Short descriptive text snippets:
▼▼▼

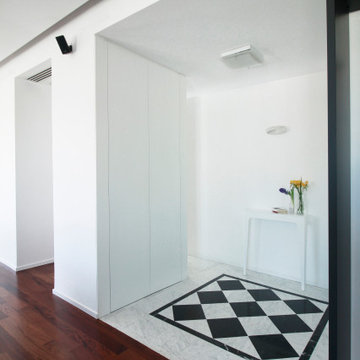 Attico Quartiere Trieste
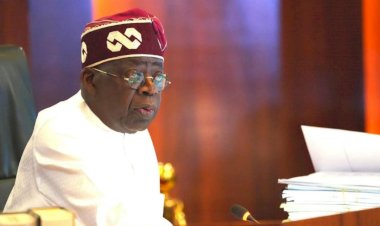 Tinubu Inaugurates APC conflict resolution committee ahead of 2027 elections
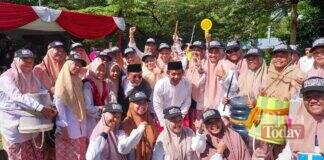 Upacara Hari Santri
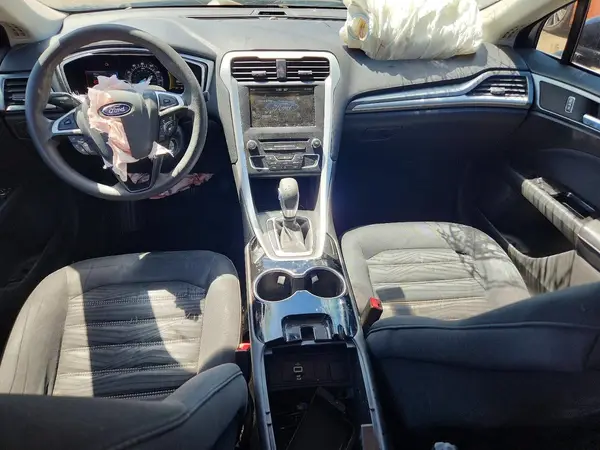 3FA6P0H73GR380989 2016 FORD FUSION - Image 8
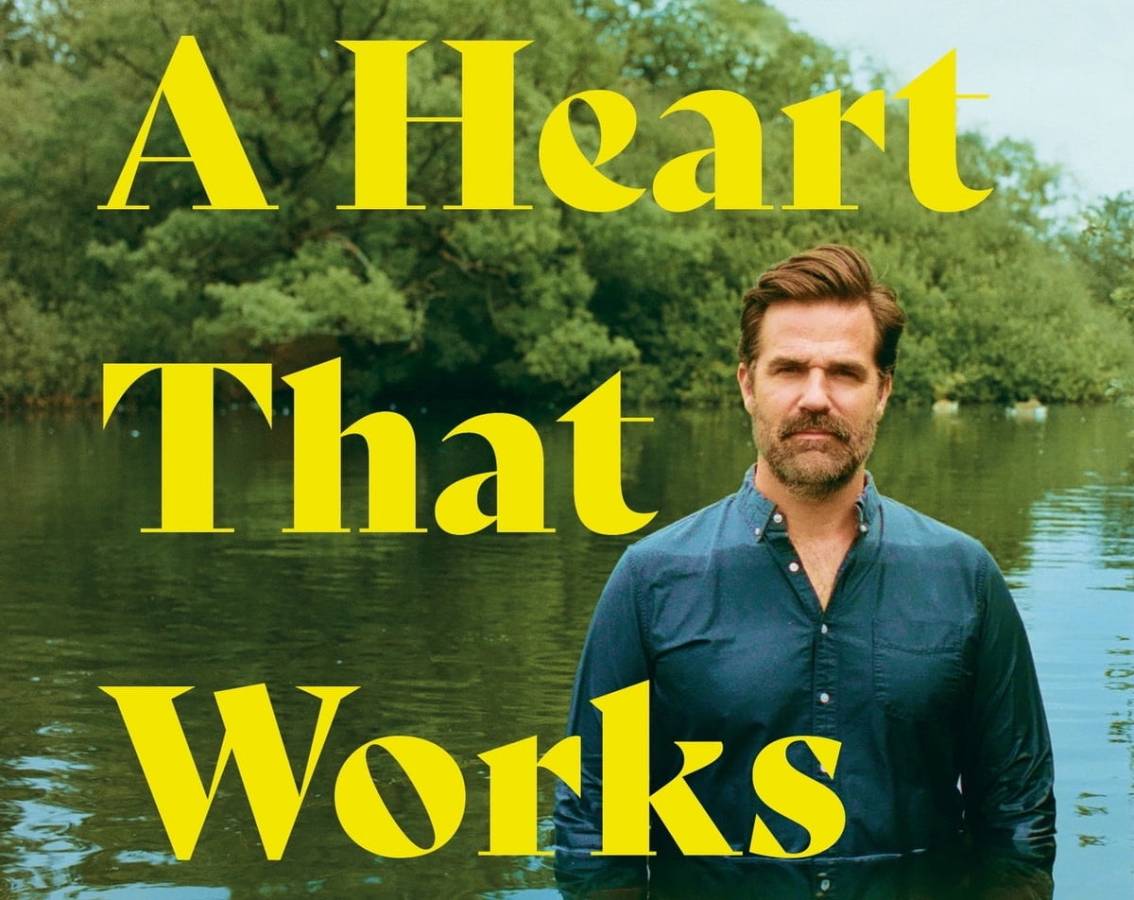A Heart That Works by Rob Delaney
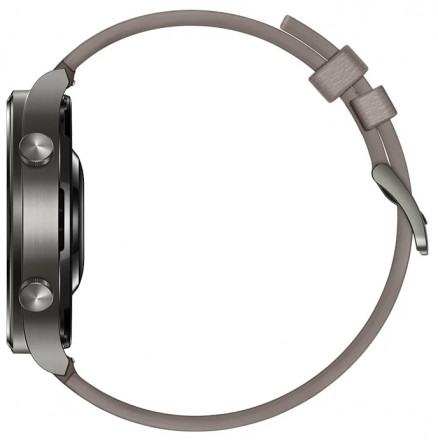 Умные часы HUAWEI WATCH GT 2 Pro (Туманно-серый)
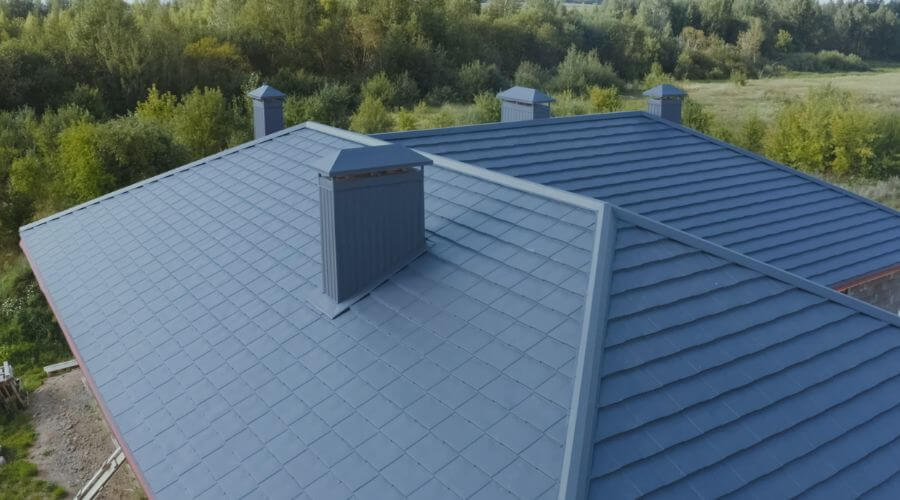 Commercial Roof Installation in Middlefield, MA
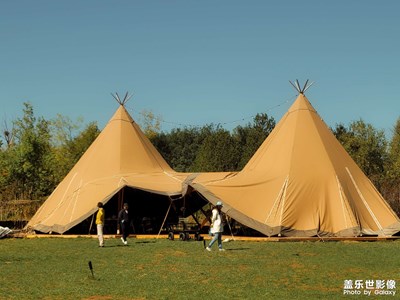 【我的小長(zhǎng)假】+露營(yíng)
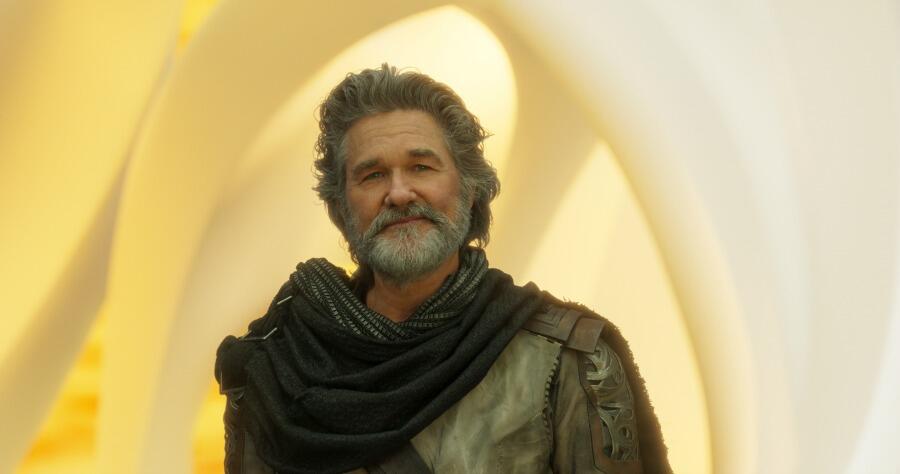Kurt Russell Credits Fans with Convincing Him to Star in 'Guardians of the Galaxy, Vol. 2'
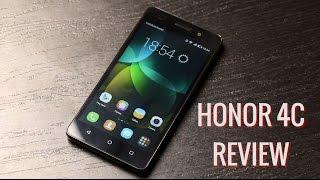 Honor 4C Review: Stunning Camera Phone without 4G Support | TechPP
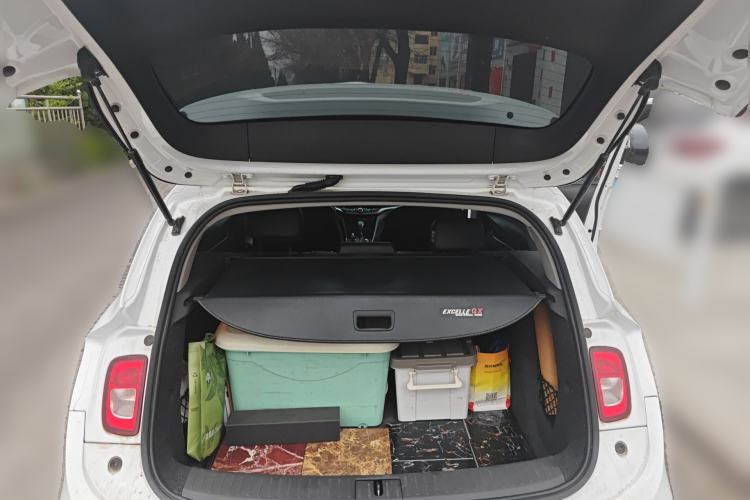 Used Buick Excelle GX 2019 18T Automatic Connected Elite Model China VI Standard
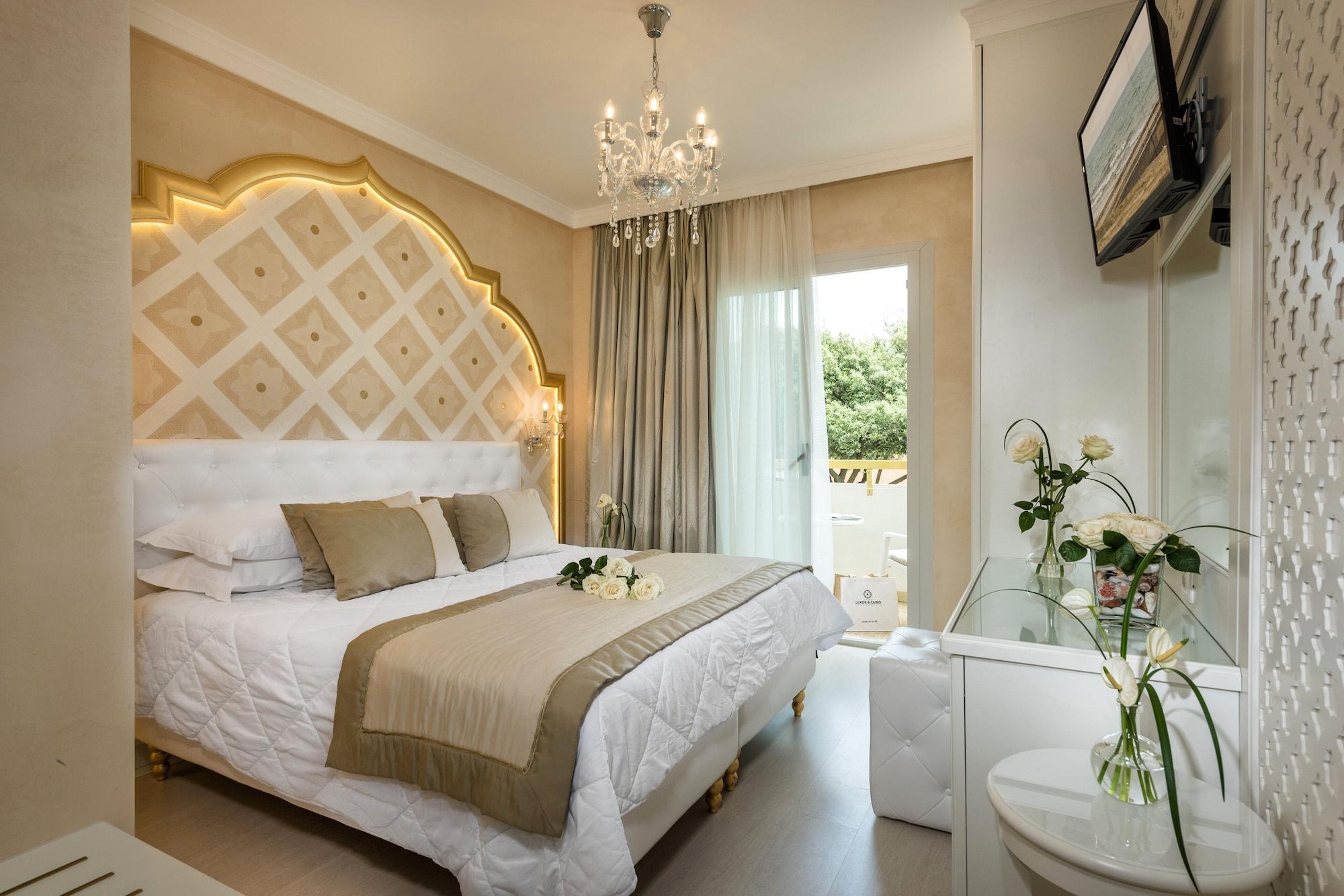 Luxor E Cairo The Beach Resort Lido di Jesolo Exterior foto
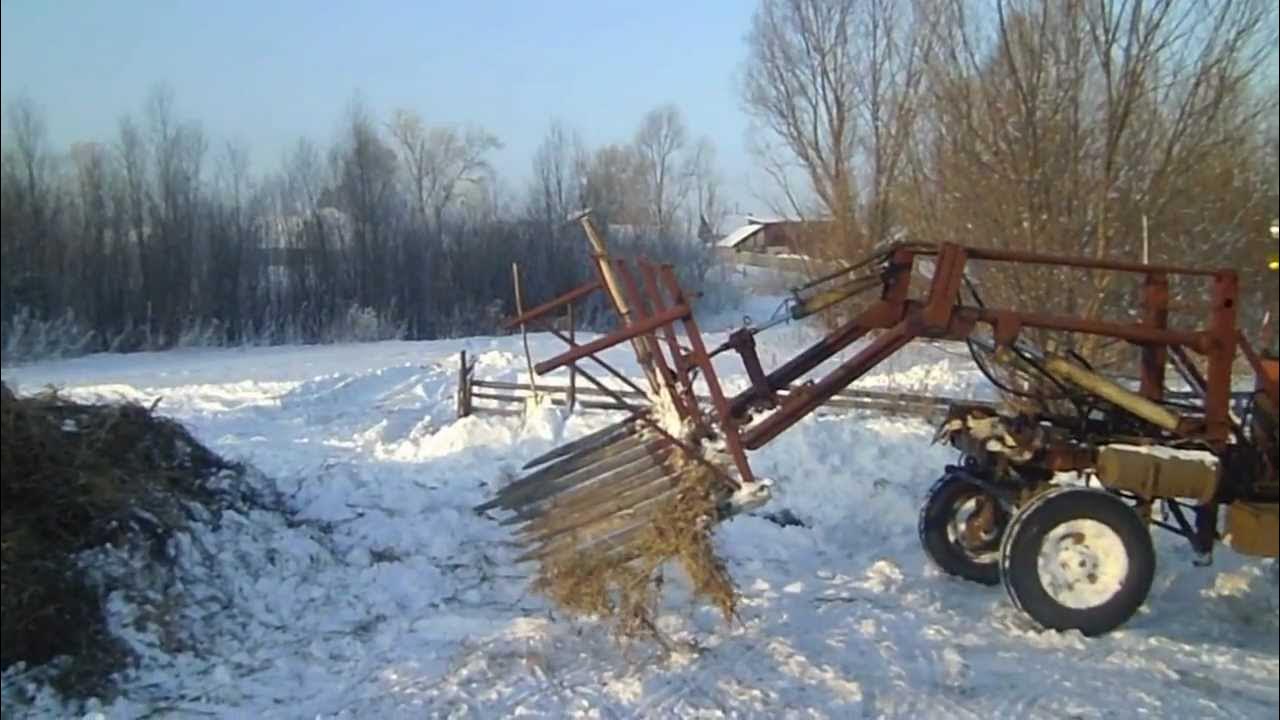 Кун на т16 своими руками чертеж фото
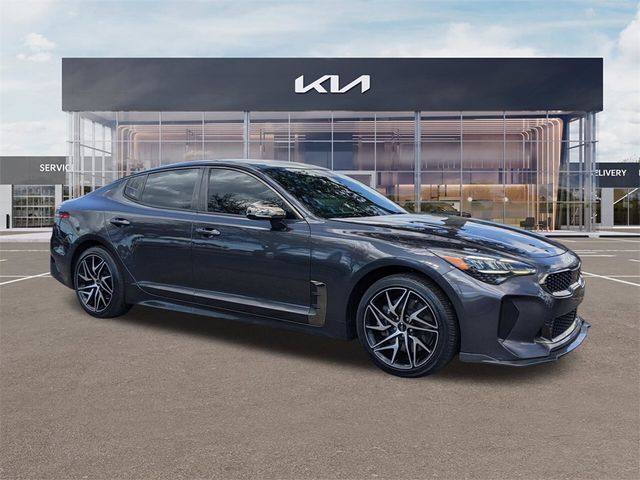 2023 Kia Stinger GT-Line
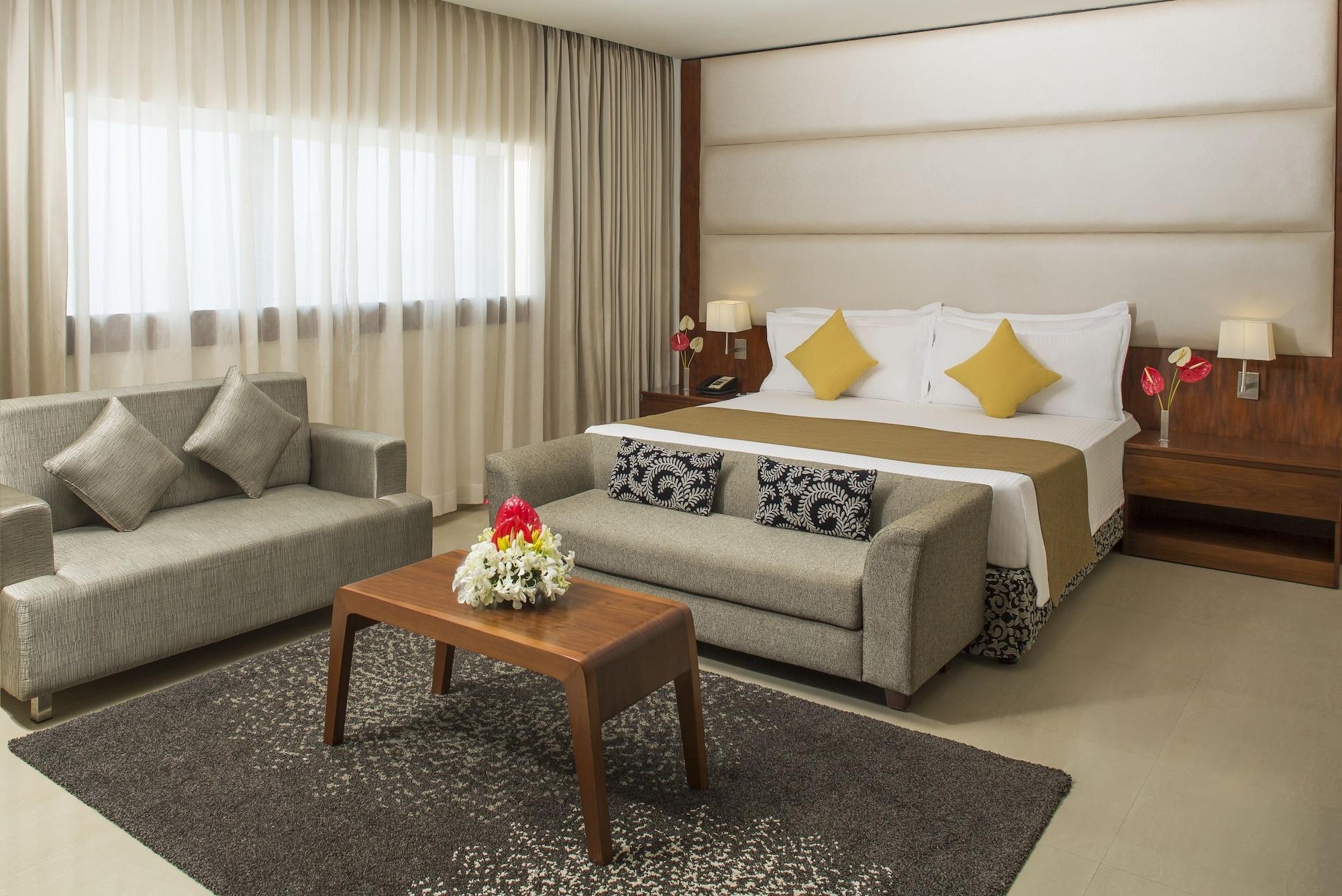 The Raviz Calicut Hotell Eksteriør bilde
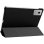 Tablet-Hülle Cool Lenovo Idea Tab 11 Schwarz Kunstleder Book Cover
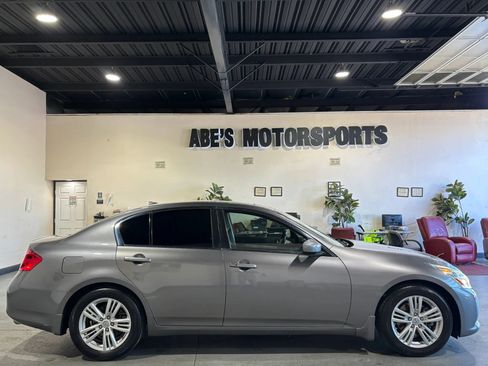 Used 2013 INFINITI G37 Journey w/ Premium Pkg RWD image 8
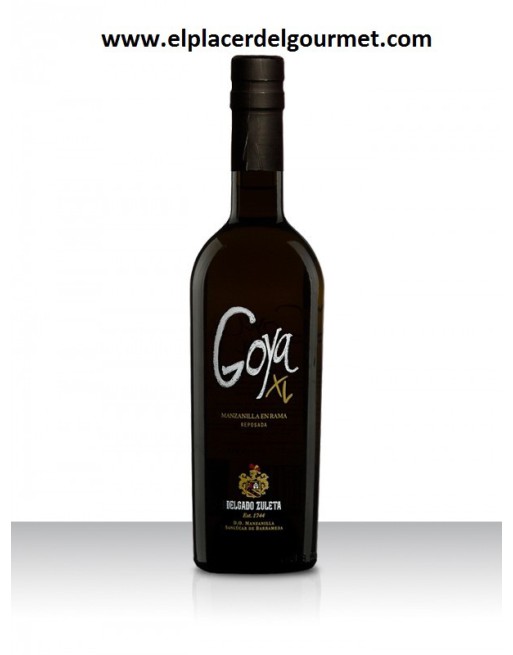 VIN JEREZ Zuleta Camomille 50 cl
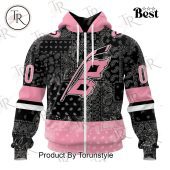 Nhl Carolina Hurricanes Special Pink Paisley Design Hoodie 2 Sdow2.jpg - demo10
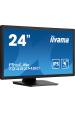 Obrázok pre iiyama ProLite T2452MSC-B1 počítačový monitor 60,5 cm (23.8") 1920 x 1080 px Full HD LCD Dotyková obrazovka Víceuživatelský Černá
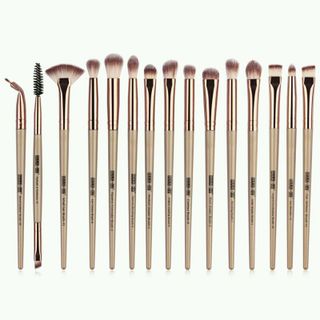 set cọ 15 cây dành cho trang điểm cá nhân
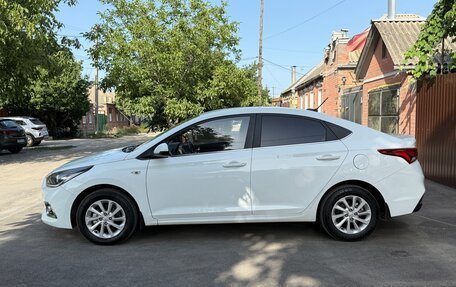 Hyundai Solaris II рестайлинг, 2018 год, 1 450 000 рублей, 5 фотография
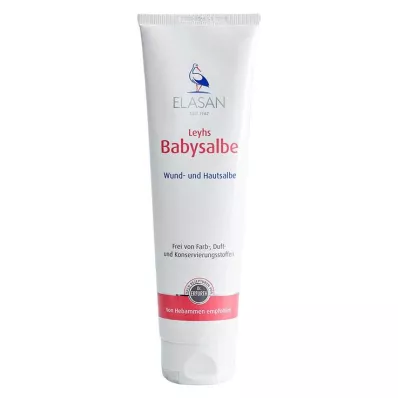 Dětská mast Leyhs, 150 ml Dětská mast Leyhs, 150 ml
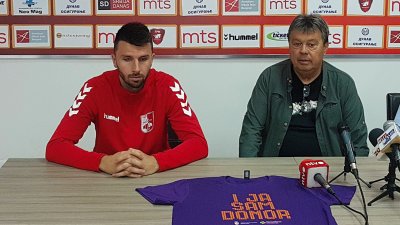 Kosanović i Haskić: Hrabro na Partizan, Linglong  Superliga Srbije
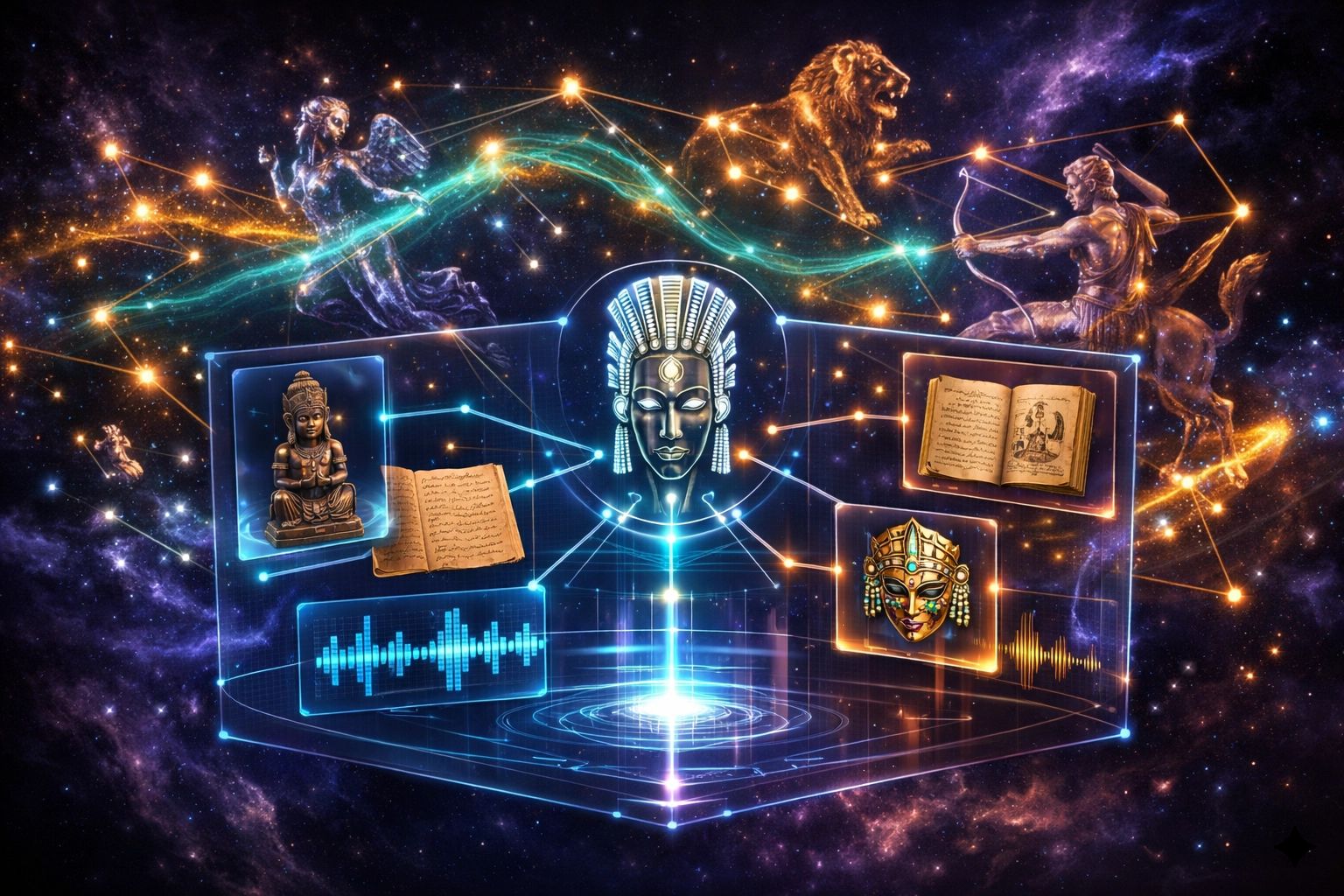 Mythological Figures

▲▲▲

WHAT IS EXPECTED: Retype the data shown above exactly, excluding any picture it contains.

RESULT FOR THIS EXERCISE:
 Attico Quartiere Trieste
 Tinubu Inaugurates APC conflict resolution committee ahead of 2027 elections
 Upacara Hari Santri
 3FA6P0H73GR380989 2016 FORD FUSION - Image 8
A Heart That Works by Rob Delaney
 Умные часы HUAWEI WATCH GT 2 Pro (Туманно-серый)
 Commercial Roof Installation in Middlefield, MA
 【我的小長(zhǎng)假】+露營(yíng)
Kurt Russell Credits Fans with Convincing Him to Star in 'Guardians of the Galaxy, Vol. 2'
 Honor 4C Review: Stunning Camera Phone without 4G Support | TechPP
 Used Buick Excelle GX 2019 18T Automatic Connected Elite Model China VI Standard
 Luxor E Cairo The Beach Resort Lido di Jesolo Exterior foto
 Кун на т16 своими руками чертеж фото
 2023 Kia Stinger GT-Line
 The Raviz Calicut Hotell Eksteriør bilde
 Tablet-Hülle Cool Lenovo Idea Tab 11 Schwarz Kunstleder Book Cover
 Used 2013 INFINITI G37 Journey w/ Premium Pkg RWD image 8
 VIN JEREZ Zuleta Camomille 50 cl
 Nhl Carolina Hurricanes Special Pink Paisley Design Hoodie 2 Sdow2.jpg - demo10
 Obrázok pre iiyama ProLite T2452MSC-B1 počítačový monitor 60,5 cm (23.8") 1920 x 1080 px Full HD LCD Dotyková obrazovka Víceuživatelský Černá
 set cọ 15 cây dành cho trang điểm cá nhân
 Hyundai Solaris II рестайлинг, 2018 год, 1 450 000 рублей, 5 фотография
 Dětská mast Leyhs, 150 ml Dětská mast Leyhs, 150 ml
 Kosanović i Haskić: Hrabro na Partizan, Linglong  Superliga Srbije
 Mythological Figures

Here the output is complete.